In 1997, it was reprinted with current information, noting that not much had changed since 1992. Another edition came out in 2022. All three were called “the foundational text for understanding trauma survivors.”
In 2014, after two editions of “Trauma and Recovery” had come out and much research had been done on C-PTSD, Dr. Bessel van der Kolk published “The Body Keeps the Score.” His credentials were three decades of work with trauma survivors at his private office, the Trauma Center at JRI. No insurance was accepted there, so it was only available to the upper-middle-class and beyond.

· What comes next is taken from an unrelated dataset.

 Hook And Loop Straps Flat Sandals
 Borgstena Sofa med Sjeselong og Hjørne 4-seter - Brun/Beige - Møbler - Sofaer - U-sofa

Though anyone can be repeatedly traumatized, it is less likely that people with more money experience it in many aspects of their lives on a regular basis throughout the majority of their lives.
Note: his previous books, published in 1984, 1987, and 1996 focus solely on PTSD. TBKTS is the first to mention C-PTSD.

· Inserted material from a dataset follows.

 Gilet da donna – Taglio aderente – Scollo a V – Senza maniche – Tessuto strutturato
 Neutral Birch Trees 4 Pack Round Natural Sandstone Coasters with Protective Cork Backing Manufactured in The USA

I gave this book one star for the easier-to-understand descriptions of neurology and how trauma affects our brains and bodies on both an infinitesimal and a total-body scale. However, there it ended its usefulness to me and to most people living with C-PTSD.
Dr. van der Kolk introduced various recovery methods, including EMDR, biofeedback, play, yoga, etc. As therapeutic devices, economic accessibility is low, though the treatments themselves may be extremely helpful. I have Medicaid that pays for every specialist and type of care I’ve ever needed. No one has ever referred me to these treatments — likely because they won’t take any insurance or they don’t want to deal with Medicaid. Either way, the lack of attention paid to the average person with C-PTSD was concerning.
Several years later, I heard that much of his past was … questionable: he defended repressed memory theory; used psychomotor therapy, which is not widely practiced nor supported by clinical studies; discourages talk-therapy, which allows a trauma victim to tell and claim their story/stories and to have structured support while they do so until it’s mostly a normalized memory of an unfortunate event, rather than able to trigger and cause fear responses; was mentored by the infamous fraud, Bruno Bettleheim; was cagey when describing what records he had and had kept and to what degree of security relating to “Dissociation and the Fragmentary Nature of Traumatic Memories: Overview and Exploratory Study” which is published in the Journal of Traumatic Stress, Volume 8, Number 4, 1995; was ultimately kicked out of the Trauma Center by its parent org, the Justice Resource Institute, due to charges of creating a hostile work environment to women and then claimed the JRI did so to steal $2.5 million in donations to the Trauma Center—long story short: he sued the JRI, they settled out of court, and he founded another trauma center with that money. Meanwhile, the original Trauma Center at JRI closed for good in 2020.
So while his book may have been useful, especially to those who never heard about Dr. Herman, whose shoulders Dr. van der Kolk stood on to make his mark nearly 30 years later, some of his methods, the source of his tutelage, his inaccessibility to those who think/thought they needed him most, and being permanently barred from the JRI for creating a hostile work environment does not merit more than one star for an intelligent but simple explanation of trauma’s effects on the brain and body (not all of which are factual, but I’m done grandstanding).
There are so many better books recommended below, including Herman’s. Please give them a chance. This man doesn’t need your attention or your money.